Templeogue College to pay nearly €40,000 to teacher subjected to ‘multiple and sustained acts of penalisation’

Jenny Clancy ‘intimidated’ by principal at August 2022 meeting and had disciplinary proceedings instigated against her

Teachers, including Jenny Clancy, lodged a collective grievance in 2022 raising concerns about health and safety, the loss of staff facilities and about student discipline. Photograph: Colin Keegan/Collins Dublin

Templeogue College has been ordered to pay nearly €40,000 to a teacher who was subjected to “multiple and sustained acts of penalisation” for putting her name to a collective staff grievance.

The Workplace Relations Commission (WRC) made the award after ruling that Jenny Clancy, who taught Spanish part-time at the South Dublin boys secondary school run by the Spiritan Education Trust, was “intimidated” by principal Niamh Quinn at a meeting in August 2022 – as well as being subject to unfair treatment, changes to her working hours and having disciplinary proceedings instigated against her.

The employment tribunal awarded €39,912 on foot of Ms Clancy’s complaint under the Protected Disclosures Act 2014 – a sum worth 15 months’ salary – in a decision released to the parties on Monday.

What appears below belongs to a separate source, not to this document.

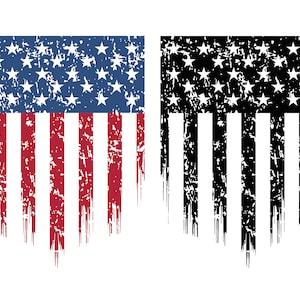 DISTRESSED USA FLAG, American distressed flag Svg, Distressed American flag for Cricut, 4th of July Svg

The ruling was made after the school closed its case last week without presenting any witness evidence – its lawyers having previously told the Commission that the principal, Ms Quinn, would give evidence denying and disputing claims of indiscipline at the school as well as her own alleged conduct towards Ms Clancy.


Teachers lodged a collective grievance in the spring of 2022 raising concerns about health and safety, the loss of staff facilities and about student discipline. These included an alleged assault on one teacher and claims that a student had filmed another teacher’s “backside”.

In evidence to the tribunal in February, Ms Clancy had likened the school under Ms Quinn’s leadership to a “ticking time-bomb”, where students had begun to feel they had “the run of the place” due to the way the principal had handled certain incidents.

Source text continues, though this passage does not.